Mr. Fahrenkopf, a friend of 30 years from Las Vegas, described Mr. Reid as someone whose style allows him to negotiate difficult political terrain.
"You've got to remember that he is a Mormon," Mr. Fahrenkopf said. "So he's got some views that would be perceived as conservative by some of his more liberal colleagues. He's pro-life.
"But the question is, will he be faithful in putting forth the views of his caucus - because that's his job," he said. "The job he's done as whip, he has made very clear that he is good at putting forward the views of his caucus."
That said, in his new role, Mr. Reid is very likely to come under pressure to be less accommodating than he has in the past by a Democratic Party worried about what the next four years might bring. Allies and admirers say Mr. Reid's tenacity might come as a surprise to President Bush.
"I think that George Bush and the Senate Republicans are in for a big surprise," said Jenny Backus, a Democratic consultant who used to work for Mr. Reid. "Harry Reid is one of the toughest people that you'll ever meet and he's also one of the most determined people I've ever met."
He will join Representative Nancy Pelosi of California, the House minority leader, as the two leading Democrats on Capitol Hill.
Mr. Reid's emergence has come at a time of great unease in the party. Typically, in the first three years after a presidential election, the leader of the national Democratic Party becomes the face of the party, until the presidential field is set. But Mr. McAuliffe's term as chairman is about to expire and there is no consensus candidate to replace him, leaving an open stage for Mr. Reid.
Mr. Reid won a fourth term with 61 percent of the vote, after eking out a victory by 428 votes in 1998. Mr. Reid drew nearly 100,000 more votes than his Democratic friend at the top of the ticket, Mr. Kerry, who lost Nevada to Mr. Bush, 50 percent to 48 percent.
Mr. Reid was born in the tiny and remote mining town of Searchlight, Nev., a community he wrote a book about and later read long passages from in a minifilibuster on the Senate floor last year. His father was a miner who committed suicide.
His interest in politics came from Mike O'Callaghan, his high school history teacher and boxing coach, in Henderson, 40 miles from Searchlight. Mr.

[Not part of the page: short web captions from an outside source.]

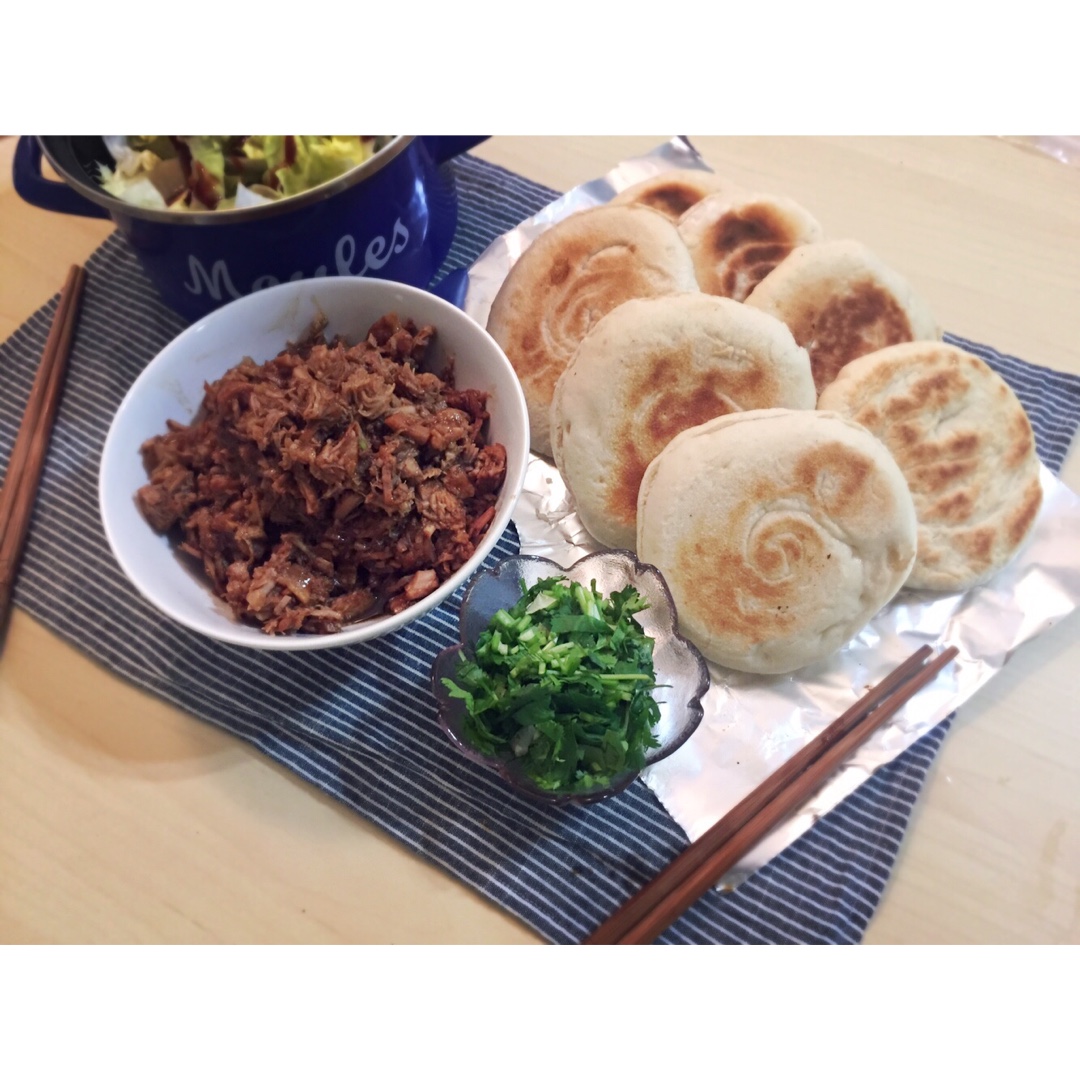 腊汁肉夹馍
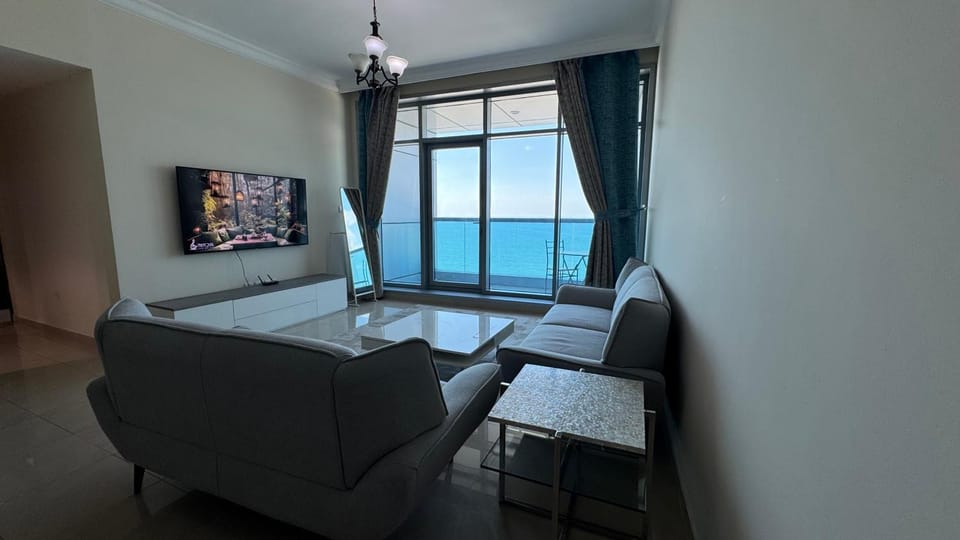 TV and multimedia, Living room, Seating area, Sea view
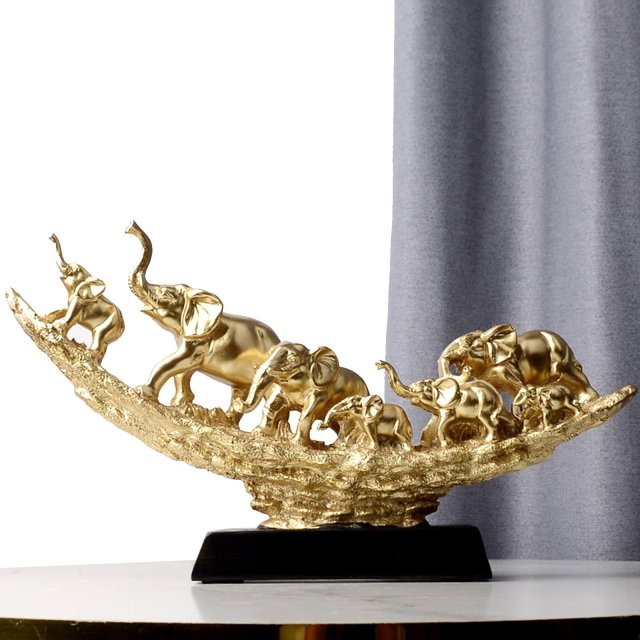 Chinese Style Resin Wealth Decoration for Living Room or Entryway - Image 4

Reid hitchhiked to Henderson on Monday, spent the week there with relatives while attending school, then hitchhiked back home on the weekends.
Mr. O'Callaghan went on to become governor of Nevada - and he appointed Mr. Reid as head the Nevada Gaming Commission in 1979, at the very moment that the state was trying to reduce the influence of organized crime. Mr. Reid himself became a target of attempted attacks by organized crime.
Mr. Reid has come under some criticism in the past for the lobbying by relatives who worked for a top Nevada law firm, and he has since instituted a ban on lobbying of him or his staff by family members. Mr. Reid's son has since left the firm in question and returned to Nevada.
To a large extent, Mr. Reid's precise role in leading the party over the next few years remains to be worked out.
"As far as the standard-bearer of the party is concerned, I think that's yet to be determined," Ms. Michelman said. "He will also be a strong voice, and will be a leader. But others will emerge."
Mr. Biden said Mr. Reid "may be the perfect guy for this moment."
"He'll make the trains run on time," he said. "That's his forte."